RAW DATA:
····················

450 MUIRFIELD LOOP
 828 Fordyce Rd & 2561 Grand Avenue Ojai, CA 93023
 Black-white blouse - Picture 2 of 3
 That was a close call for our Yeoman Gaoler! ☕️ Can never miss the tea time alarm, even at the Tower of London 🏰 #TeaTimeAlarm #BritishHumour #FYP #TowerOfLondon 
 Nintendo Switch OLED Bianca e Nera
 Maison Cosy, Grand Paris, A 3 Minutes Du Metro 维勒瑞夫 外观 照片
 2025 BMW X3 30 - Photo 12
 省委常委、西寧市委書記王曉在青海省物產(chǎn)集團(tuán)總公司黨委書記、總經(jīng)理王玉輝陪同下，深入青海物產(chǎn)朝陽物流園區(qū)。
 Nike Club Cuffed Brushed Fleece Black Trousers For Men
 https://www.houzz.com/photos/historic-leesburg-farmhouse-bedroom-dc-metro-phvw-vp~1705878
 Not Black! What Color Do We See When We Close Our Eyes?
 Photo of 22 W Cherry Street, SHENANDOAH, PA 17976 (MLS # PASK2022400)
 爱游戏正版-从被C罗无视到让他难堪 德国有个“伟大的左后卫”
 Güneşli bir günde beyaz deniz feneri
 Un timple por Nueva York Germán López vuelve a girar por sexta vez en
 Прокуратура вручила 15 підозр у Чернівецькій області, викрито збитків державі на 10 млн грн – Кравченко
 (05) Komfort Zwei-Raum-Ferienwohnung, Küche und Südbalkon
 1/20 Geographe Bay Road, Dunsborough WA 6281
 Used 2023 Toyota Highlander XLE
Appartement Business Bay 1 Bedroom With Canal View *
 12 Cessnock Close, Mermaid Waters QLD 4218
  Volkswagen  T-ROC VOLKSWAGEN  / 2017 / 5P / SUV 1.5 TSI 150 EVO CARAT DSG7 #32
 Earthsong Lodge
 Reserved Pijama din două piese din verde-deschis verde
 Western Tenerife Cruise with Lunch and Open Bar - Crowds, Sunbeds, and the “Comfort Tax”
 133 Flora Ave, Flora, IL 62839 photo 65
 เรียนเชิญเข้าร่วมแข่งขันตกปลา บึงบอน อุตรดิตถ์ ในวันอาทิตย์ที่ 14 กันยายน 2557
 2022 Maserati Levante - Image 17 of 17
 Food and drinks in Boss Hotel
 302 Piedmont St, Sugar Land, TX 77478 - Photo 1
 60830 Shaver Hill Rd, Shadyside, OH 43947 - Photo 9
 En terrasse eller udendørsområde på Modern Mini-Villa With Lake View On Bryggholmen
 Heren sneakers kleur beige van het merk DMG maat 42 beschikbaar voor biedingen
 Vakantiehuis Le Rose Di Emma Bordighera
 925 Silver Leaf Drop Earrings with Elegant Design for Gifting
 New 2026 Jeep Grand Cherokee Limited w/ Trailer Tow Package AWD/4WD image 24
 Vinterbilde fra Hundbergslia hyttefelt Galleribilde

····················

THE PROBLEM:
Please copy each line from the material above in which the string "Black" appears.

EXERCISE SOLUTION:
 Black-white blouse - Picture 2 of 3
 Nike Club Cuffed Brushed Fleece Black Trousers For Men
 Not Black! What Color Do We See When We Close Our Eyes?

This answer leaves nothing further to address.